Le 18 septembre 1944 madame Anceaume, messieurs Chaudet et Chauveau, habitant 19, 20 et 22 rue Saint-Vincent de Paul témoignèrent devant le Président du Comité de Libération du 10ème arrondissement :

Nous soussignés, témoins oculaires, certifions que la traction-avant 9835 RK 4 a été mitraillée par les troupes allemandes alors que les occupants de celle-ci tentaient de passer le barrage existant au carrefour du boulevard Magenta et des rues de Maubeuge, Dunkerque et Saint-Vincent de Paul, le lundi 21 août vers 13h00. Le conducteur, ainsi que nous avons pu en juger, ayant été blessé mortellement, cette voiture s'est brisée devant la boutique de Mr Tantot (angle rue Saint-Vincent de Paul et boulevard Magenta); les Allemands ont alors continué à tirer sur les occupants et se sont acharnés sur eux. Ils ont même poussé la barbarie en les achevant sur les civières lorsque la Croix Rouge est venue les ramasser. De plus ils ont fusillé trois otages devant la voiture ainsi qu'un cycliste qui passait.
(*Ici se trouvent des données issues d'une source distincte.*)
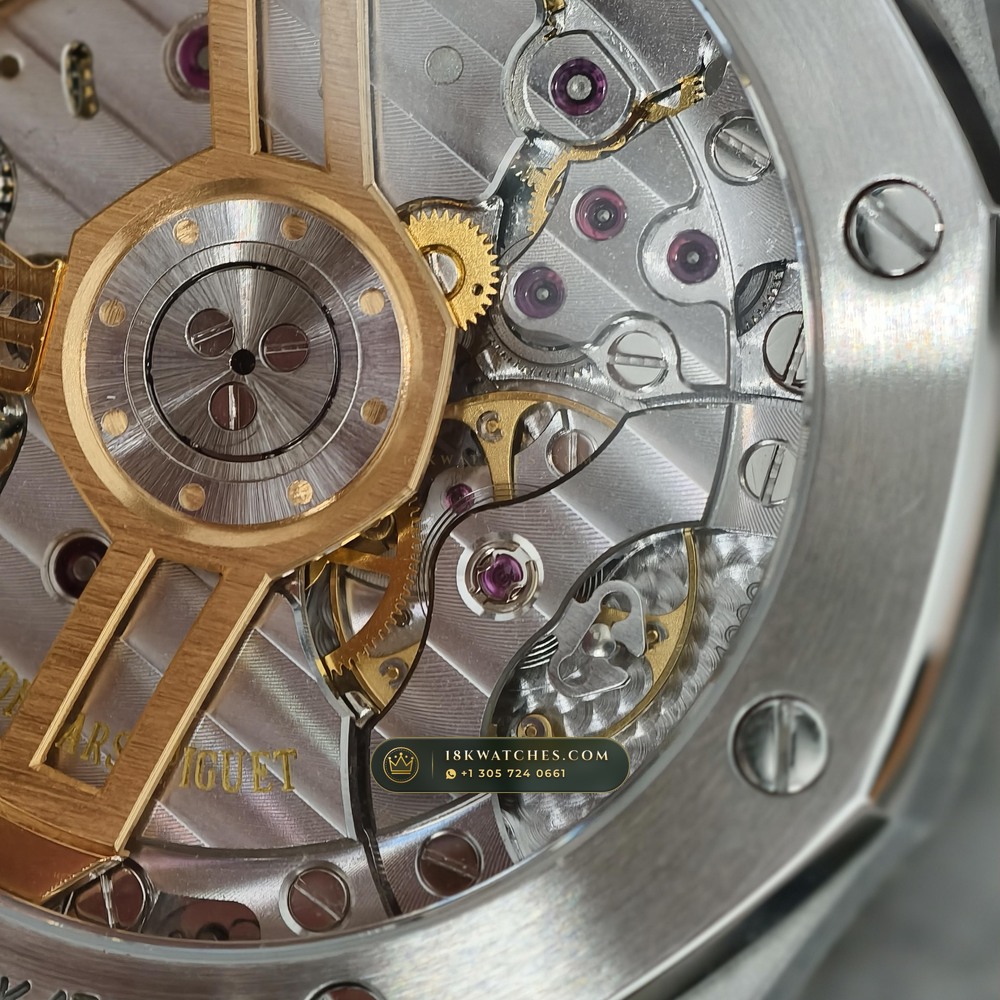 Audemars Piguet Royal Oak Selfwinding 41mm Custom SW Dial Free-Sprung Calibre Ref. 15500ST — Studio Gallery Plate VII in 904L Stainless Steel Custom Architecture (166.7g Verified Mass, Audemars Piguet Cal. 4302 - 70h Power Reserve)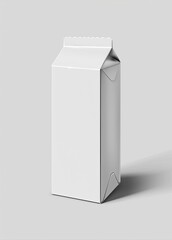 plain white milk carton with minimalist design
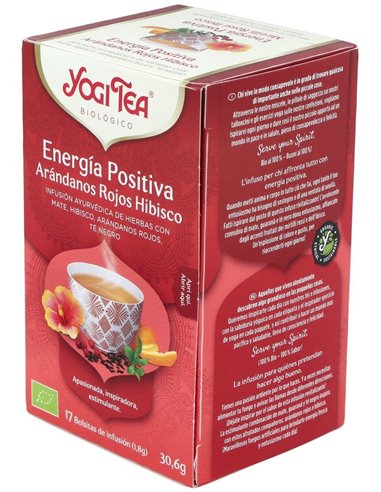Yogi Tea Energía Positiva Arándanos Hibisco 17 X 1,8 G de Yogi Tea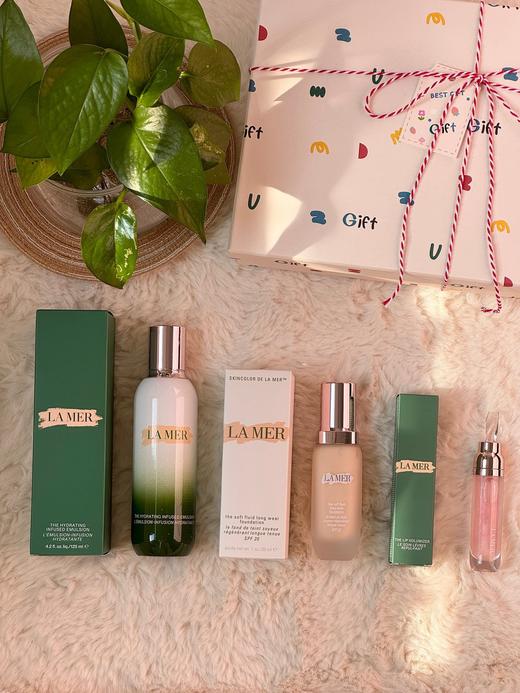 B120327送礼Shou选~精粹乳液125ml+粉底液01唇釉礼盒 商品图6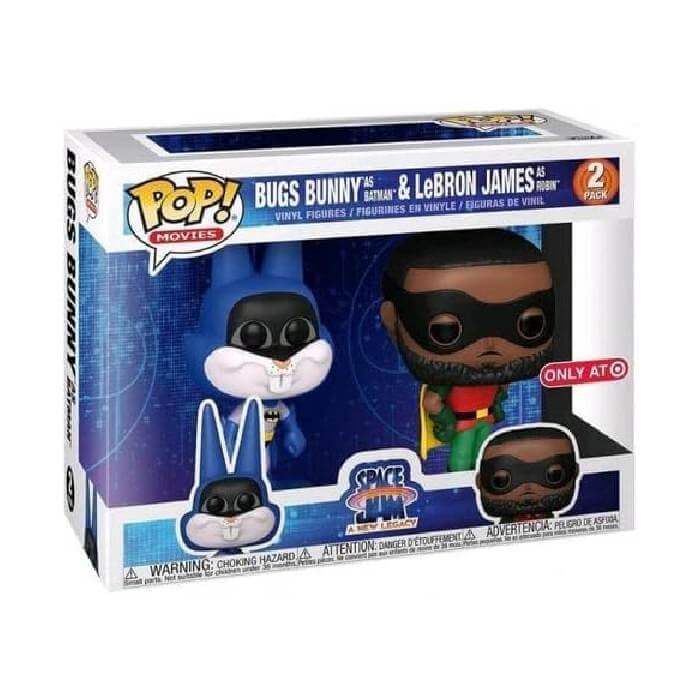 

Набор фигурок Funko POP! Movies: Space Jam 2 - Bugs Bunny as Batman & Lebron James as Robin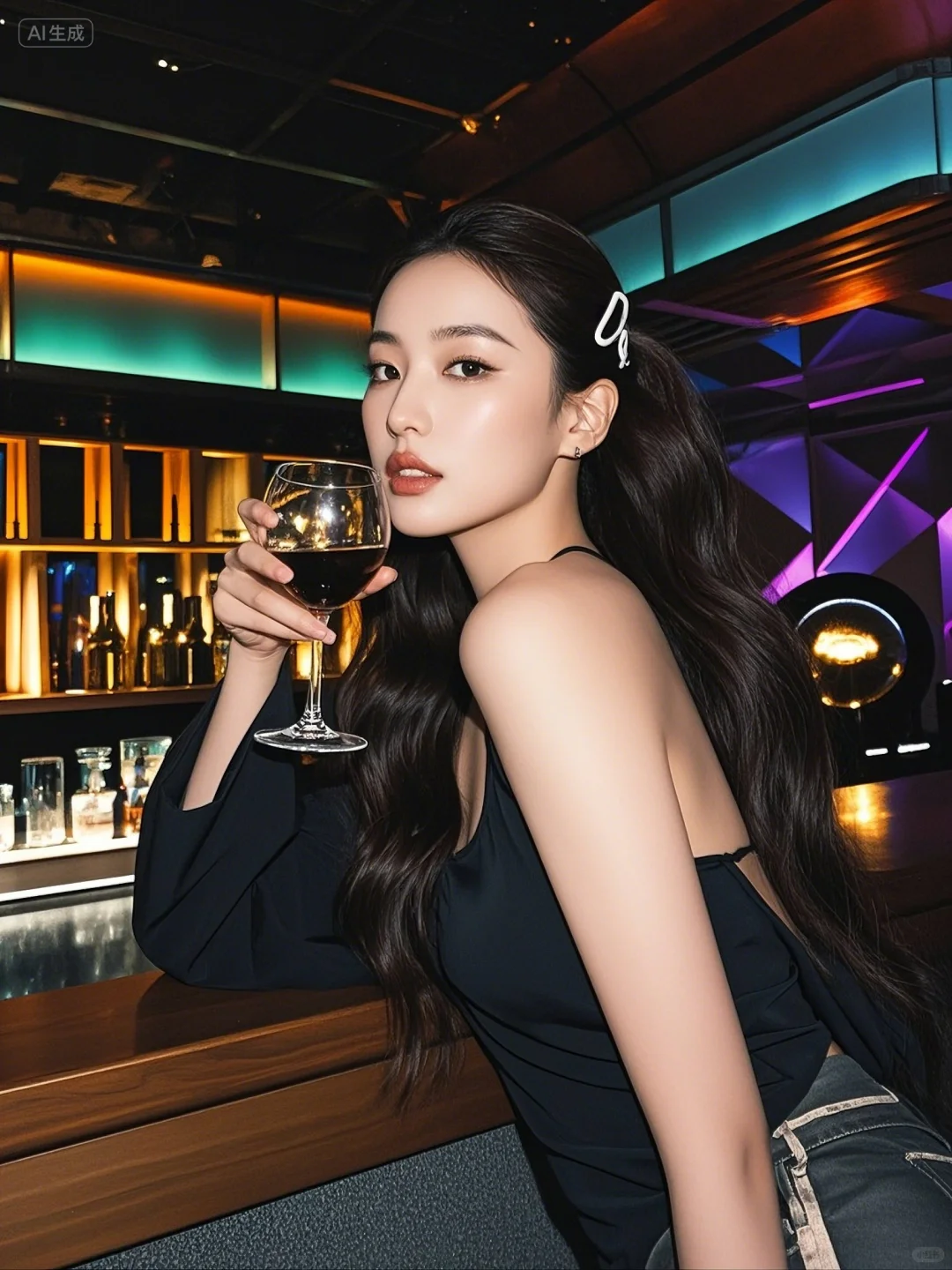 氛围感美女真 气质优雅成熟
Les occupants de la voiture, qui ont été identifiés, étaient Yvan Eldaroff-Penetier et Guy Brûlé; une troisième personne n'a pas été reconnue.


Maurice Nel, délégué de l'O.C.M et vice président du Comité de Libération du 10ème, indique dans une attestation datée du 24 novembre 1944, que Yvan Penetier-Eldaroff a participé aux combats de la mairie du 10ème  le 19 août . Ces combats, pour la sauvegarde de la mairie devant une violente contre-attaque allemande, coûtèrent la vie à : Jean Cazard, 18 ans et Pierre Chatenet, 17 ans, Michel (ou Georges) Dechot, 20 ans, et René Raphanel, 32 ans.


Une dernière attestation indique que Yvan appartenait au 14ème groupe de la 10ème compagnie des Milices Patriotiques du 11ème arrondissement quand il a été tué le 21 août.



le lendemain du drame les habitants du quartier viennent fleurir la traction-avant

Août 2014, un autre passager de la traction est identifié : Georges Lignais.